- [Work required]: Could you retype every line of the data underneath without altering anything?

- [Data shown]:
%%
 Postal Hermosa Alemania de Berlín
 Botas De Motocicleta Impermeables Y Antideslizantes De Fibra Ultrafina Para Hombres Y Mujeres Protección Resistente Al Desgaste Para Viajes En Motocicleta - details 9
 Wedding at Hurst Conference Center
%%
- [Your solution]:
 Postal Hermosa Alemania de Berlín
 Botas De Motocicleta Impermeables Y Antideslizantes De Fibra Ultrafina Para Hombres Y Mujeres Protección Resistente Al Desgaste Para Viajes En Motocicleta - details 9
 Wedding at Hurst Conference Center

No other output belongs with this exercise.